Apesar da decepção, não há torcida para a saída de Levy do governo. Ruim com ele, pior sem ele. A sensação, no entanto, é a de que o ministro não conseguirá entregar tudo o que prometeu. E o prêmio que receberá será o rebaixamento do Brasil ao grupo de países especulativos. Certamente, não passava pela cabeça dele dar um passo tão grande para trás.
Não precisa ser nenhum expert em economia para saber o que ocorrerá se o país perder o selo de bom pagador. A recessão, que já está pesada, se aprofundará, o desemprego disparará e a inflação não dará trégua. Que triste legado, Levy!
Bolha do crédito
» Economista-chefe para mercados emergentes da consultoria britânica Capital Economics, Neil Shearing prevê que a economia brasileira poderá enfrentar uma nova crise, desta vez com a “a desaceleração da bolha de crédito, que está apenas começando”. Para ele, haverá estresse no sistema financeiro, com operações de liquidação duvidosa podendo aumentar drasticamente.
Tombo real
» Na avaliação de Shearing, “o ar da bolha de crédito está esvaziando” e ajudando a derrubar o crescimento do Brasil. O ritmo de avanço dos empréstimos e financiamentos caiu de um pico de 26,9% ao ano para apenas 7,6% em maio último. Como a inflação está acima de 9%, em termos reais, o crédito encolheu.

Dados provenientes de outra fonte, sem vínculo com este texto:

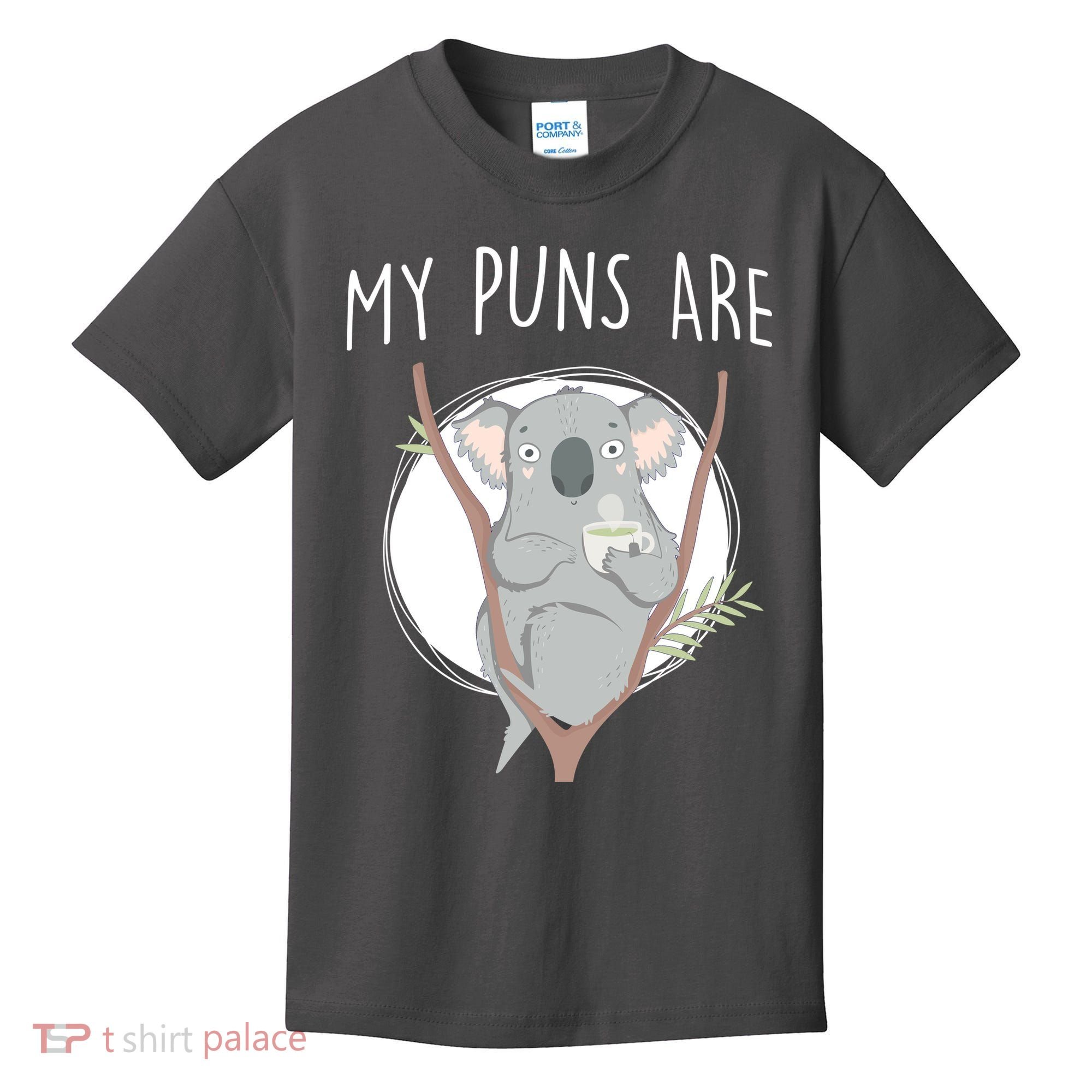 My Puns Are Koala Tea Kids T-Shirt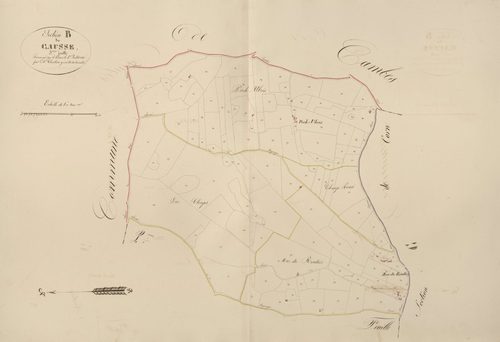 section B du Causse, 3ème feuille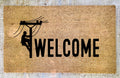 LINEMAN Welcome Doormat | Utility Worker Gift
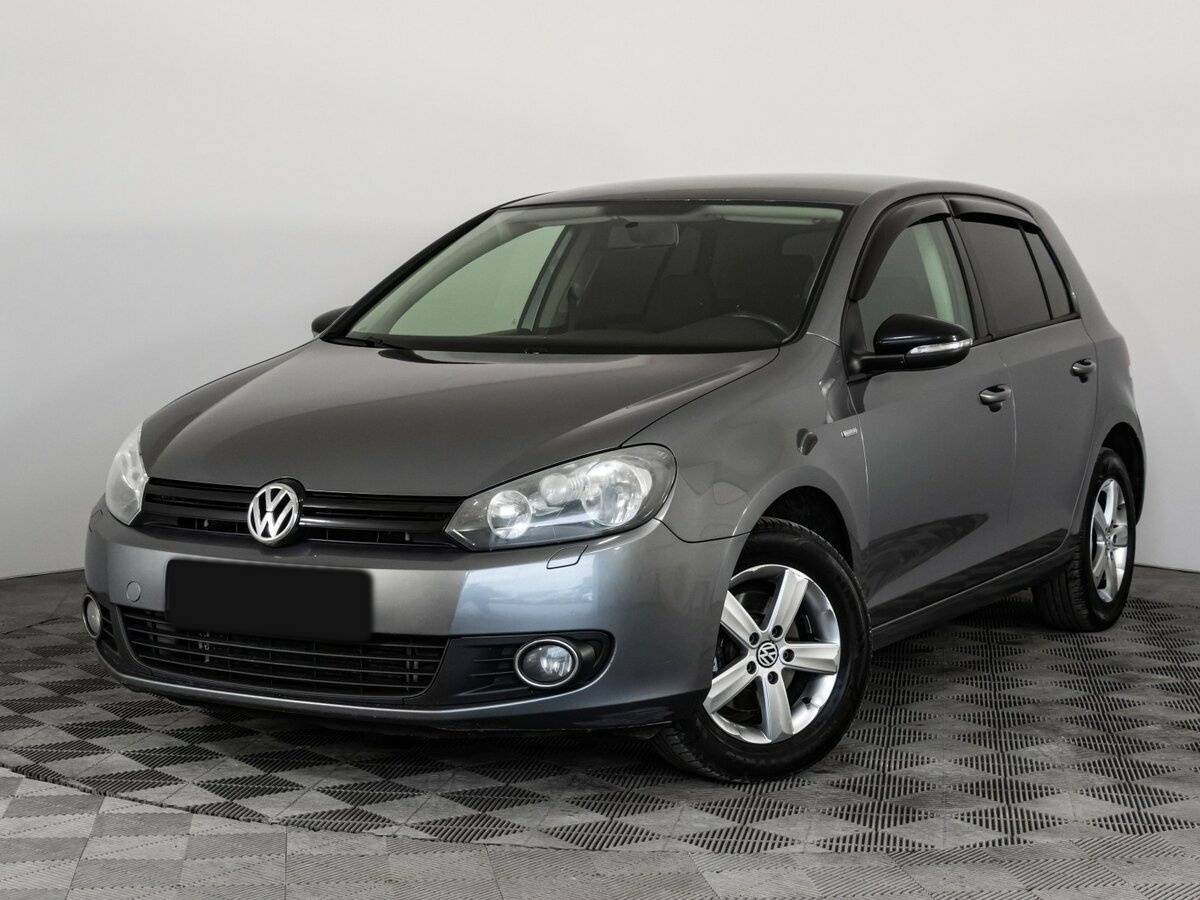 Volkswagen Golf с пробегом — 2012 год. Посмотреть фото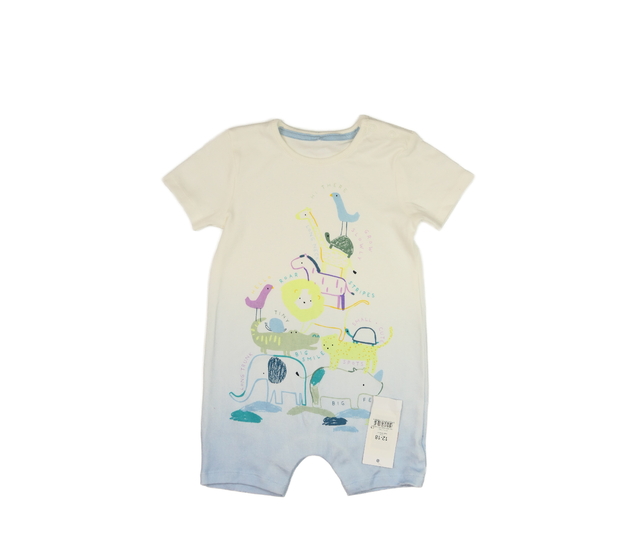 Nový overal se zvířátky George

Colapso nos financiamentos
» Shearing ressalta que os financiamentos para a compra de carros entraram em colapso, o que explica o péssimo momento do setor automotivo. A grande surpresa, diz ele, é que, mesmo com o enfraquecimento do crédito imobiliário, o setor ainda não sofreu queda semelhante. “Considerando que os orçamentos familiares estão sobrecarregados, suspeitamos que isso é apenas uma questão de tempo”, avisa.